Al menos los santos canonizados, testimonian que sí, es posible, desde el momento en que la declaración oficial de su santidad se basa precisamente en su heroicidad, probada también en el amar a sus enemigos y a quienes los oprimen. Para todos los demás, incluido quien escribe, es muy raro que ocurra, al menos a ese nivel de perfección. ¡No tenemos que tener miedo de confesarlo! Como hemos dicho, en un crescendo, Jesús propone querer a los enemigos, hacerles el bien, bendecirlos y rezar por ellos. Que lo que nos pide Jesús sea demasiado, no hay ninguna duda, pero tenemos que escucharlo, al menos para no seguir pensando que somos buena gente solo porque siempre nos portamos con gracia y educación.
Jesús habla muy claramente: no basta con querer a quienes nos quieren y con agradecer a quienes nos han hecho el bien. Hay quienes no hacen ni siquiera esto, pero Jesús no ha venido sencillamente a enseñarnos la cortesía o el fair play. Ha venido para dar cumplimiento a la Ley solemne del Sinaí que, según Jesús, permanece válida, pero no tiene que llevarnos solo al simple cumplimiento de lo establecido.
Para hacerlo entender, Jesús llega hasta a exagerar: “Al que te pegue en una mejilla, preséntale la otra; al que te quite la capa, no le impidas que tome también la túnica. A quien te pide, dale; al que se lleve lo tuyo, no se lo reclames” (vv. 29-30). Para no asustarnos demasiado, un primer límite podría ser, sin embargo, lo que el mismo Jesús nos pide en Lc 10,27: “Amarás […] a tu prójimo como a ti mismo”.

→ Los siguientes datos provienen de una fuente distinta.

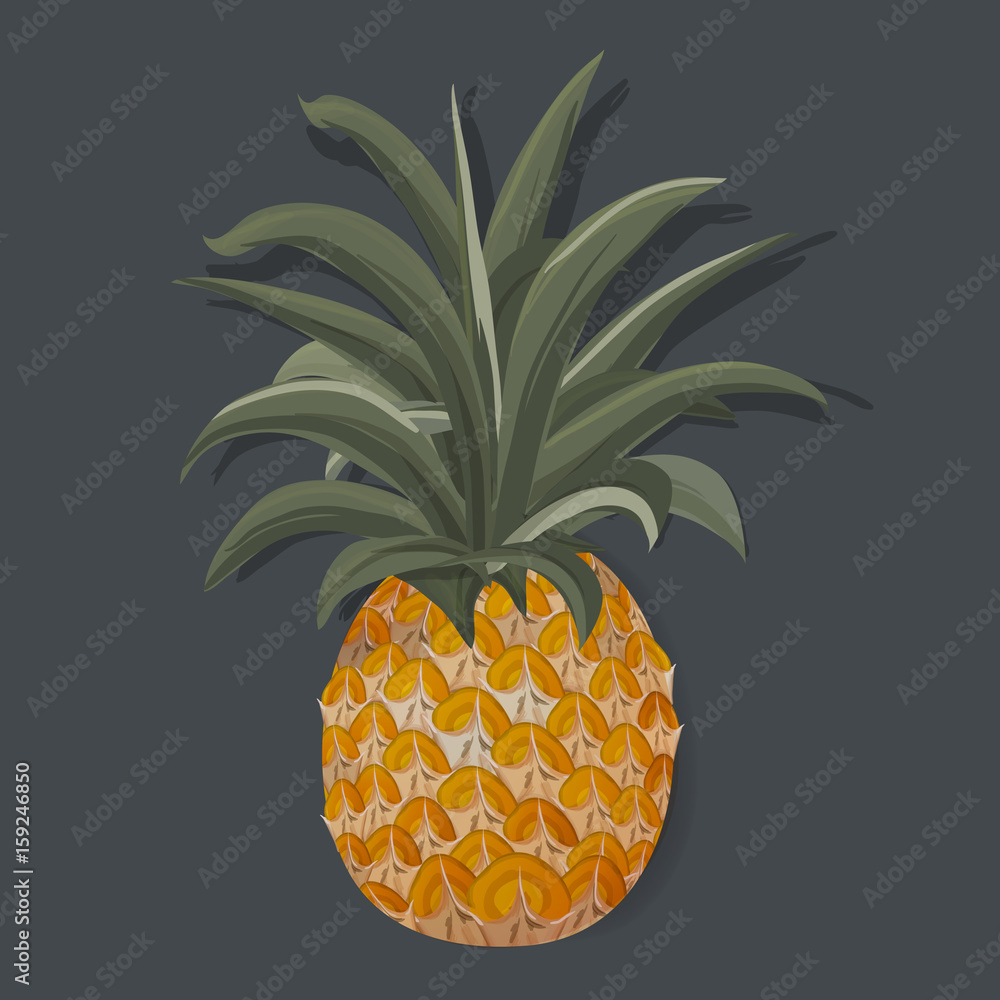 Fresh Pineapple Tropical Fruit Vector Illustration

La novedad evangélica está en la versión en positivo del viejo refrán (no hagas al otro lo que no querrías que te hicieran): “Tratad a los demás como queréis que ellos os traten” (v. 31). Un mandamiento nuevo que Juan de la Cruz interpreta con este precioso consejo: “Donde no hay amor, pon amor y sacarás amor” (Dichos de Luz y Amor). Sí, porque la actitud del propio corazón puede cambiar solo por la dinámica del amor. Una dinámica en la cual podemos ejercitarnos meditando repetidamente lo que escribe san Pablo a los Romanos: “Dios nos demostró su amor en que, siendo nosotros todavía pecadores (enemigos suyos), Cristo murió por nosotros” (Rom 5,8).